» **Exercise**
An exact, complete printout of the listing is wanted, minus its images.

### Provided material

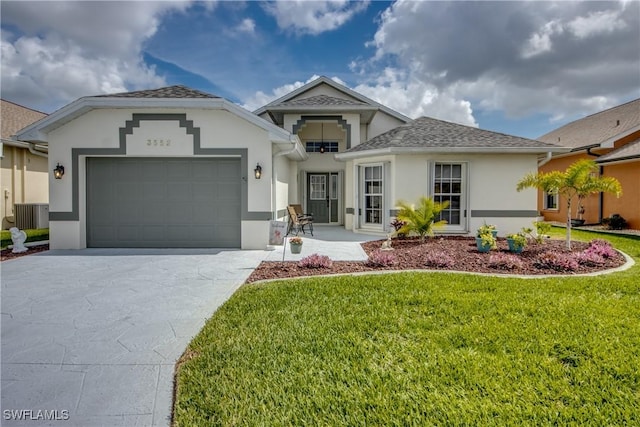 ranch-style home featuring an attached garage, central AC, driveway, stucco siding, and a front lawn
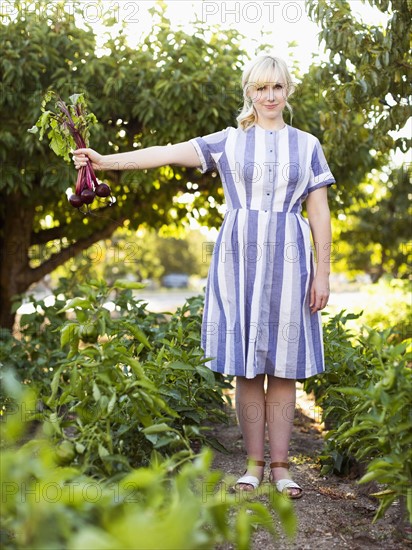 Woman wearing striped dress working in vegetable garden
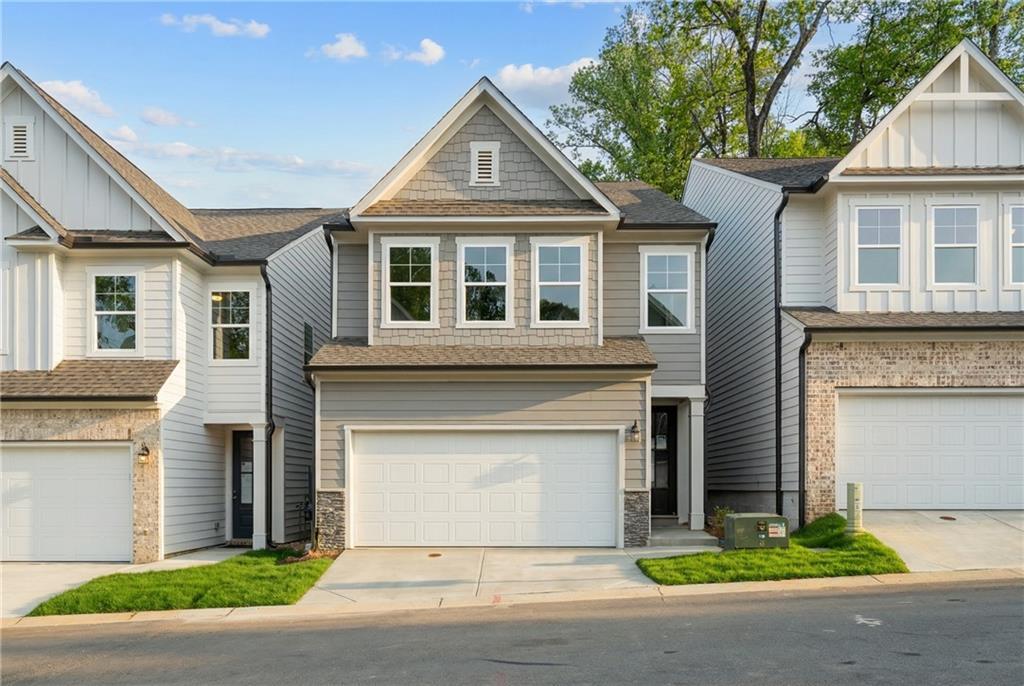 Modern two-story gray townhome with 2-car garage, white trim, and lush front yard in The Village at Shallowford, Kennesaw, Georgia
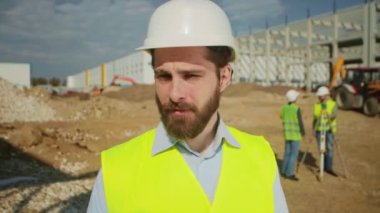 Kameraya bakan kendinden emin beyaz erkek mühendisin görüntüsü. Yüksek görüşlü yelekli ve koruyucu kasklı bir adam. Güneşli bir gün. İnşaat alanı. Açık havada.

######

» **Written response**
 ranch-style home featuring an attached garage, central AC, driveway, stucco siding, and a front lawn
 Woman wearing striped dress working in vegetable garden
 Modern two-story gray townhome with 2-car garage, white trim, and lush front yard in The Village at Shallowford, Kennesaw, Georgia
 Kameraya bakan kendinden emin beyaz erkek mühendisin görüntüsü. Yüksek görüşlü yelekli ve koruyucu kasklı bir adam. Güneşli bir gün. İnşaat alanı. Açık havada.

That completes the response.